Activists claim being single adds 49 YEARS to saving for a deposit

The Generation Rent activist group has produced a series of claims about the house buying process for single people.

It says being single adds 49 years to the time needed to save a deposit to buy a home in London compared with being in a couple.

The activists cite a very precise scenario to apparently demonstrate their claim. So it would apply to a couple with each earning the average salary in London and saving 20% of income after taxes and rent on what the group calls “an average one bed home.”

The group claims the couple would have enough for a deposit of £66,401 on the average first-time buyer home after just 6.6 years. 

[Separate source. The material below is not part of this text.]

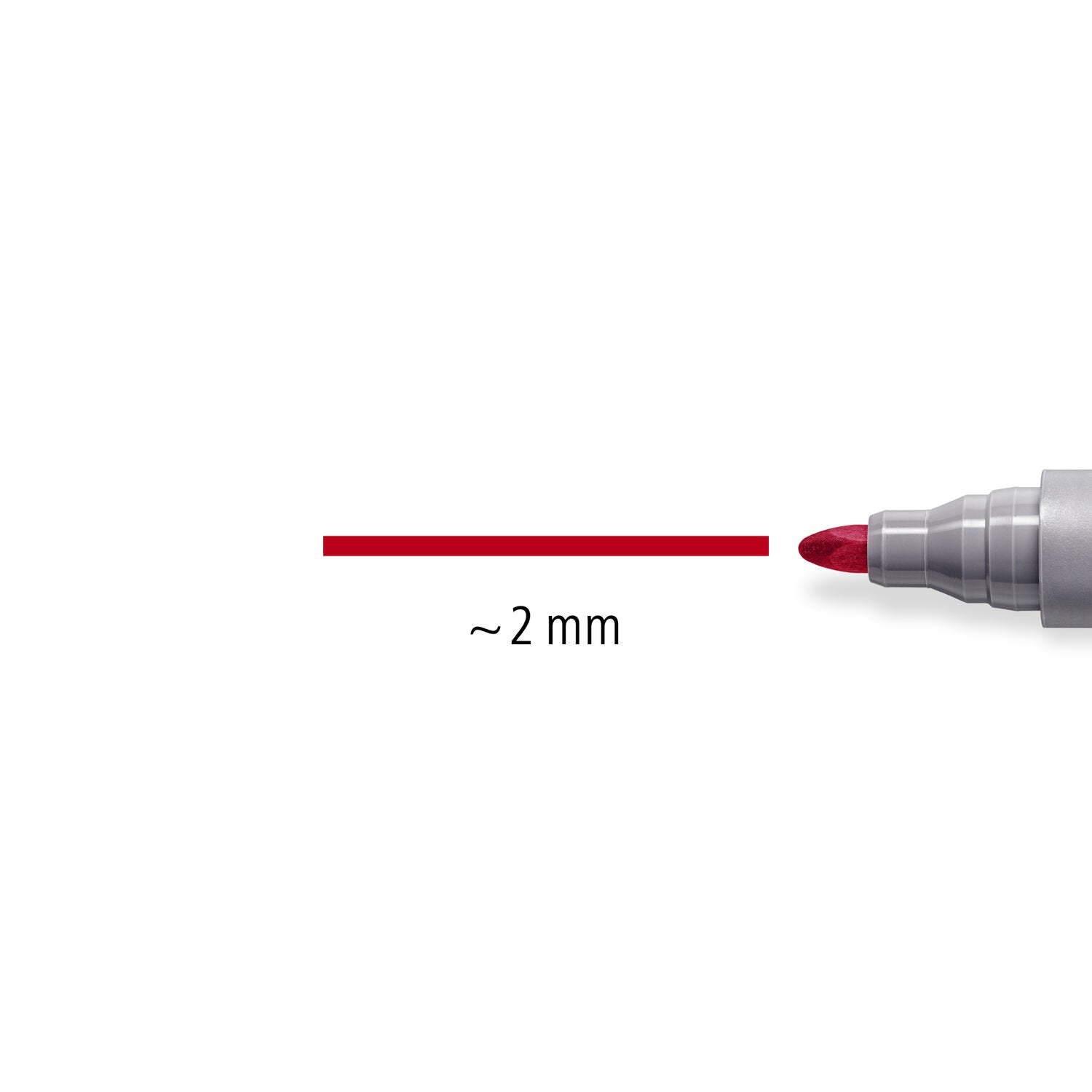 Staedtler Flipchart-Marker – Keil- & Rundspitze 2 mm, 8 Farben, 8er Set, Cap-Off – für Flipcharts/Papier
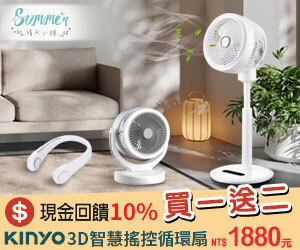 晴天小舖 好評熱銷【買就送無葉掛脖風扇】KINYO 3D智慧搖控循環扇 空氣循環扇 循環扇 電風扇 立扇 搖控風扇 節能風扇 智能循環扇【Z0194】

Then the group suggests that because a single average earner can borrow only half the mortgage that a couple could, the deposit needed rises to £275,000 on a £484,000 home.

The highly selective scenario assumes the average renter would save 20% of their income “left over after tax, student loan repayments and rent.”

The deposit needed “is either the difference between the house price and 4.5 times the gross salary (maximum mortgage typically offered), or 10% of the price if the maximum mortgage is higher than the house price.”

And Generation Rent goes on to claim that in England as a whole, the average time for a single person to save the deposit is 21 years and this varies dramatically from 3.3 years in the North East to what it alleges is “an impossible 56 years in London.”

However, after all this the group says: “In England the average time for a single earner to save, has fallen from 22.0 years in 2024 and 31.3 years in 2022 – but it is up from 16.4 years in 2014, with house prices having risen by about 50% in that time. 

“While rents have risen by 25% since 2022, faster than net income at 19%, house prices have been fairly flat, allowing incomes to start catching up.”